Wednesday, January 30, 2013

Window on Eurasia: New Russian Orthodox Hierarchs More Likely to be from the Diocese They Now Head Than Were Their Predecessors



Paul Goble

            Staunton, January 30 – Over the last two years, Patriarch Kirill has enthroned 69 new bishops for the Russian Orthodox Church, a group quite different from its predecessors not only in terms of education – more have secular degrees – but also origins – most of them come from the dioceses they now head instead of being outsiders imposed from the center.

            Those changes and their age – most are in their 40s – mean that Kirill will be able to control the direction of the Russian church not only during his patriarchate but well beyond, according to a survey of their biographies by the Orthodox weekly, “Neskuchny sad” (www.nsad.ru/articles/novye-arhierei-zachem-episkopu-svetskoe-obrazovanie).

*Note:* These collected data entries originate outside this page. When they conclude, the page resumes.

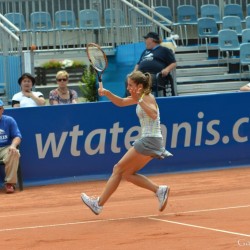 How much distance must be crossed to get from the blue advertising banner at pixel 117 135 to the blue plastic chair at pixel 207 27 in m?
6.42

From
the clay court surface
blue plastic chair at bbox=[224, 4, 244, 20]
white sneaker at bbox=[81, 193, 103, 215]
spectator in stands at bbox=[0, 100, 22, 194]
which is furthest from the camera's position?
blue plastic chair at bbox=[224, 4, 244, 20]

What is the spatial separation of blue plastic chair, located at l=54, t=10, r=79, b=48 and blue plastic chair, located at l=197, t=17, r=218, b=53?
127 inches

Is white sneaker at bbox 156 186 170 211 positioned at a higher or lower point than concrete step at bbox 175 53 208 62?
lower

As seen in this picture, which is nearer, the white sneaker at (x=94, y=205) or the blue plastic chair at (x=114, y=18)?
the white sneaker at (x=94, y=205)

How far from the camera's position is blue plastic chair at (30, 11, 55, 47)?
2095 cm

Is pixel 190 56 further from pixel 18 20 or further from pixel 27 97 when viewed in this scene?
pixel 27 97

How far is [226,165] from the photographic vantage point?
1628 cm

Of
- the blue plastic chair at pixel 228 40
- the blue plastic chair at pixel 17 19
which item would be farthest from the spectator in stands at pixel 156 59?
the blue plastic chair at pixel 228 40

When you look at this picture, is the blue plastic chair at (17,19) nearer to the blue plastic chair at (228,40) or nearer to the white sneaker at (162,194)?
the blue plastic chair at (228,40)

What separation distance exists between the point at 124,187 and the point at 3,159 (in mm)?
1977

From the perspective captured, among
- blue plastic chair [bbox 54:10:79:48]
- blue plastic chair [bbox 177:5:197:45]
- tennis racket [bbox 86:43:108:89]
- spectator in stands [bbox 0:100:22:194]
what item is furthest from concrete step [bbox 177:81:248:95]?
tennis racket [bbox 86:43:108:89]

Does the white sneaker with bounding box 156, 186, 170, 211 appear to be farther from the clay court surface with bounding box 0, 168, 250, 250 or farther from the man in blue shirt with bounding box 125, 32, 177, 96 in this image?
the man in blue shirt with bounding box 125, 32, 177, 96

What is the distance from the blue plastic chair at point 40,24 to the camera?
825 inches

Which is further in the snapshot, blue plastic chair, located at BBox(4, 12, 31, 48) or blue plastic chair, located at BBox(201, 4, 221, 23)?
blue plastic chair, located at BBox(201, 4, 221, 23) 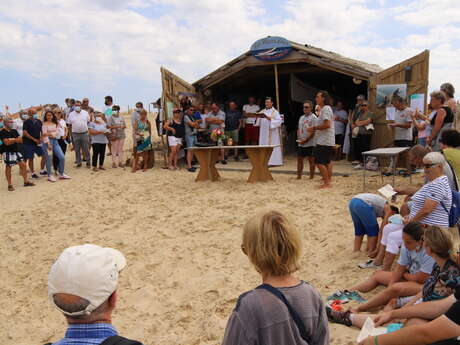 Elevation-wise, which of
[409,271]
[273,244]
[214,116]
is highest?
[214,116]

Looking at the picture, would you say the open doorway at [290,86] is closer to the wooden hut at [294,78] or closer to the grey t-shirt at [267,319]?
the wooden hut at [294,78]

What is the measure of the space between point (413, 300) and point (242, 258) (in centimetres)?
226

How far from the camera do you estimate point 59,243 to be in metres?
5.77

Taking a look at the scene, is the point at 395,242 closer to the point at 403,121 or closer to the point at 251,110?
the point at 403,121

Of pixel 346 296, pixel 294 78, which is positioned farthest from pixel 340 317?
pixel 294 78

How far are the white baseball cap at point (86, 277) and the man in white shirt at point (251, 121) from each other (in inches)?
392

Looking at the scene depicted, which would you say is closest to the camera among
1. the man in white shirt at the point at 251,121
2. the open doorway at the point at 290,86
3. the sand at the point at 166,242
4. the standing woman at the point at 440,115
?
the sand at the point at 166,242

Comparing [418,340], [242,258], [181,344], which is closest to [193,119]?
[242,258]

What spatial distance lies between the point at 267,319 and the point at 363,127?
8320 mm

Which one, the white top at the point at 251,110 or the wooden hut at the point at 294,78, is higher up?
the wooden hut at the point at 294,78

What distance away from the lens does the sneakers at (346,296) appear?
3.58 m

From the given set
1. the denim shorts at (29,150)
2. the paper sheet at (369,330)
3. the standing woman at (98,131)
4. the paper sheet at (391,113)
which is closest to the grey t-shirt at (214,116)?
the standing woman at (98,131)

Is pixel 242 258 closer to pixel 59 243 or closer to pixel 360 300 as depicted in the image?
pixel 360 300

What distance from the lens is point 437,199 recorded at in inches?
139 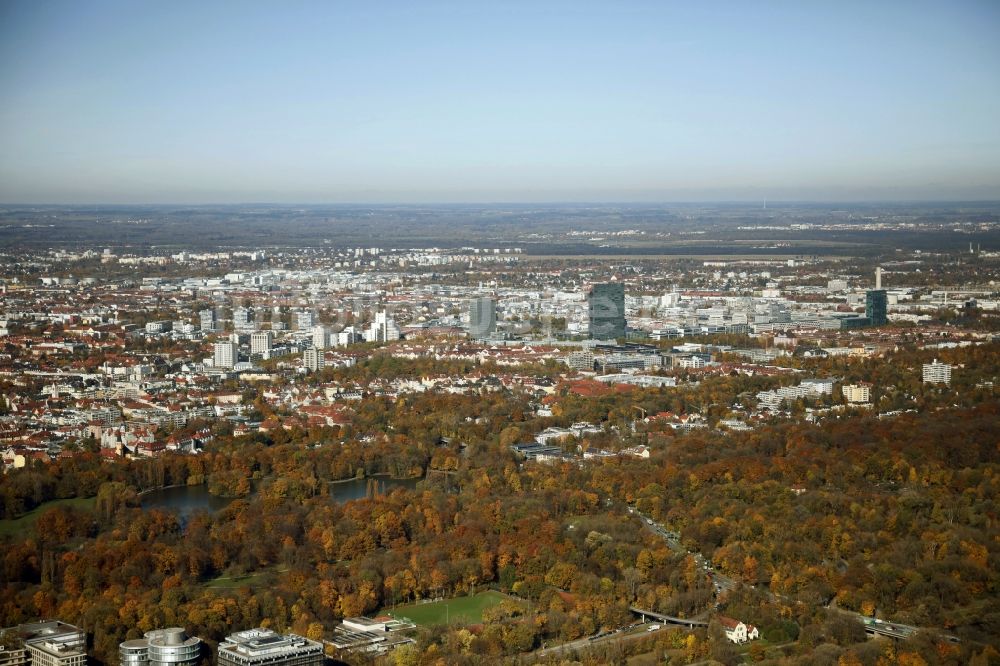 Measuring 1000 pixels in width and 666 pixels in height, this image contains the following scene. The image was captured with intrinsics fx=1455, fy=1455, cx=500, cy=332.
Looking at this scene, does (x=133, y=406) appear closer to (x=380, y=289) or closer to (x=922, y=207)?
(x=380, y=289)

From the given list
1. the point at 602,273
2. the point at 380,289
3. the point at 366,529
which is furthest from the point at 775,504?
the point at 602,273

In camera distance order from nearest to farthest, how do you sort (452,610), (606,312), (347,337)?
(452,610), (347,337), (606,312)

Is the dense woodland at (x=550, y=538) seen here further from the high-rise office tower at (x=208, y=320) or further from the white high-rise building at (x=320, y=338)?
the high-rise office tower at (x=208, y=320)

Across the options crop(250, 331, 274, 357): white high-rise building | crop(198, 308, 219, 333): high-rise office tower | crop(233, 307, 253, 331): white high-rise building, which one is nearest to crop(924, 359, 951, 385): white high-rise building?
crop(250, 331, 274, 357): white high-rise building

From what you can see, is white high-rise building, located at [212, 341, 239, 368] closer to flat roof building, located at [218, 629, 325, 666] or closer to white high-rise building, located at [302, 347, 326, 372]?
white high-rise building, located at [302, 347, 326, 372]

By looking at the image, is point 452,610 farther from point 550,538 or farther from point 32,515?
point 32,515

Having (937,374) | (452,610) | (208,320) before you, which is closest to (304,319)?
(208,320) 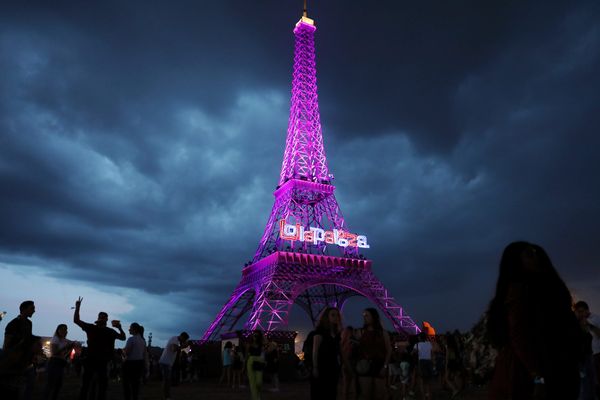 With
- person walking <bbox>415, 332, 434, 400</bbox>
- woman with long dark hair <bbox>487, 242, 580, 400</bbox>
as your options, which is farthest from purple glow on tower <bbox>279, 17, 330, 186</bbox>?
woman with long dark hair <bbox>487, 242, 580, 400</bbox>

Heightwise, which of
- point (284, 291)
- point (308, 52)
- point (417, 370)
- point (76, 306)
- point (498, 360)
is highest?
point (308, 52)

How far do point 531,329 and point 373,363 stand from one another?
3.49 meters

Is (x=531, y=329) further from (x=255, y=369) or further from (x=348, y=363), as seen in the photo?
(x=255, y=369)

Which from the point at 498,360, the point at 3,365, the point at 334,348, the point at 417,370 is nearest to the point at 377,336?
the point at 334,348

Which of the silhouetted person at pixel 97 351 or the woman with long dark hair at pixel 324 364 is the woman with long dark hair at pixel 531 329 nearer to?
the woman with long dark hair at pixel 324 364

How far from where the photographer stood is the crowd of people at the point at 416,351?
3713 mm

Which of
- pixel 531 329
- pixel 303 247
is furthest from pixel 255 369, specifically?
pixel 303 247

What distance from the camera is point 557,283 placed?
392cm

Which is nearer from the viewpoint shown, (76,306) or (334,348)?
(334,348)

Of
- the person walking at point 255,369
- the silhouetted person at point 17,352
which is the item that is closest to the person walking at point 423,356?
the person walking at point 255,369

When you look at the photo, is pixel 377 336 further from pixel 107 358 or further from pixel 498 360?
pixel 107 358

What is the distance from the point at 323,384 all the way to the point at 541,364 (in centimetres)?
386

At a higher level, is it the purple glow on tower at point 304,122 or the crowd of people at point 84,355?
the purple glow on tower at point 304,122

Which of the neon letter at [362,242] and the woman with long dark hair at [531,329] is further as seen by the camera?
the neon letter at [362,242] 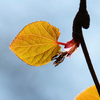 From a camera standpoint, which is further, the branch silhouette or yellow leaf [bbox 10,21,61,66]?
yellow leaf [bbox 10,21,61,66]

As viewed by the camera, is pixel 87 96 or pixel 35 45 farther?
pixel 35 45

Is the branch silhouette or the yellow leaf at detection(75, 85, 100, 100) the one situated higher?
the branch silhouette

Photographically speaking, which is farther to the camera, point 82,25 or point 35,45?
point 35,45

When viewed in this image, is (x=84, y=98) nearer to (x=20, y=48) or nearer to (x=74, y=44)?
(x=74, y=44)

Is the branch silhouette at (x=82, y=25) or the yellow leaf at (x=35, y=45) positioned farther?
the yellow leaf at (x=35, y=45)

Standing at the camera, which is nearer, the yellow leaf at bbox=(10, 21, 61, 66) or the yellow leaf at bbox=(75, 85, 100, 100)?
the yellow leaf at bbox=(75, 85, 100, 100)

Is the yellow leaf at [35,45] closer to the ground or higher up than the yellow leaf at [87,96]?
higher up

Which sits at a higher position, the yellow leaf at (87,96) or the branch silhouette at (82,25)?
the branch silhouette at (82,25)

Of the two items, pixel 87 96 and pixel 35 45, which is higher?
pixel 35 45
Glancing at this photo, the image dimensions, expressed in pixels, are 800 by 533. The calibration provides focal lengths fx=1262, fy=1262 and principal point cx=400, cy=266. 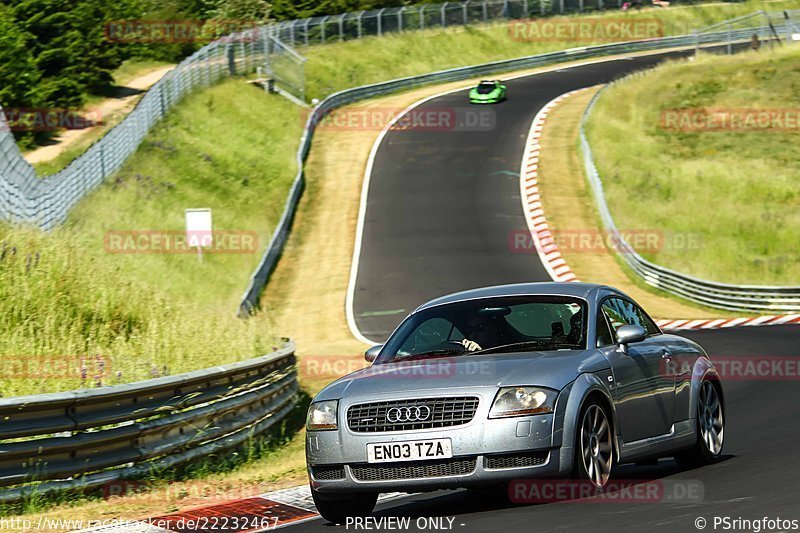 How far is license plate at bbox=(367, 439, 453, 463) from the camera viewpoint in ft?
26.9

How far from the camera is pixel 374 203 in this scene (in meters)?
41.6

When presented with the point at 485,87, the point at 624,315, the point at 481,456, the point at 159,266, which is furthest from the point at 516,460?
the point at 485,87

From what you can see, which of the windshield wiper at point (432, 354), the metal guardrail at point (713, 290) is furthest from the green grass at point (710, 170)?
the windshield wiper at point (432, 354)

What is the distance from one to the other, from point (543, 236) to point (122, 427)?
2712 cm

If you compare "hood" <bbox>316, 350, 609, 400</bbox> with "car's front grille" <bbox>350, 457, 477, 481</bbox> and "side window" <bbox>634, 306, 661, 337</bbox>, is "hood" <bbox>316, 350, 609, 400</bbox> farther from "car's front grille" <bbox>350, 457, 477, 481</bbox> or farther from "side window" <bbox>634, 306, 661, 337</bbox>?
"side window" <bbox>634, 306, 661, 337</bbox>

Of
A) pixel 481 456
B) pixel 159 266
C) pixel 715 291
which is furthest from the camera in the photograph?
pixel 159 266

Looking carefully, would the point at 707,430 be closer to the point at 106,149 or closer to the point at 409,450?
the point at 409,450

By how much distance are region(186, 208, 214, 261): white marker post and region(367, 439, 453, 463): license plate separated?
81.3ft

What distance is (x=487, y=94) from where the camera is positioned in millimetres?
56094

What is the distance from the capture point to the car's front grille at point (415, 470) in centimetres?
820

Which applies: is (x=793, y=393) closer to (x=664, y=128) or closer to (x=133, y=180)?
(x=133, y=180)

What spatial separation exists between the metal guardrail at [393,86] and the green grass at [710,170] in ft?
27.9

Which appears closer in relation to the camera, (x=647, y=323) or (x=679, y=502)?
(x=679, y=502)

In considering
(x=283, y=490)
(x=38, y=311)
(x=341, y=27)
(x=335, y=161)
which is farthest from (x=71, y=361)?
(x=341, y=27)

            Approximately a third of those taking part in the church council in Moscow will be doing so for the first time, the magazine says. At the last one, on February 4, 2011, 206 of the 221 hierarchs then serving did so. Since that time, Kirill has enthroned 69 bishops, most for bishoprics created since that time. (There were 35 new sees established in 2011 alone.)

            The average age of the new class of bishops is only 40. That means that most of them were born in the early and mid-1970s, finished their training during perestroika, and began serving as priests in the 1990s. Thirty-four of the 69 completed their theological training by correspondence, a remarkably high figure compared to the past.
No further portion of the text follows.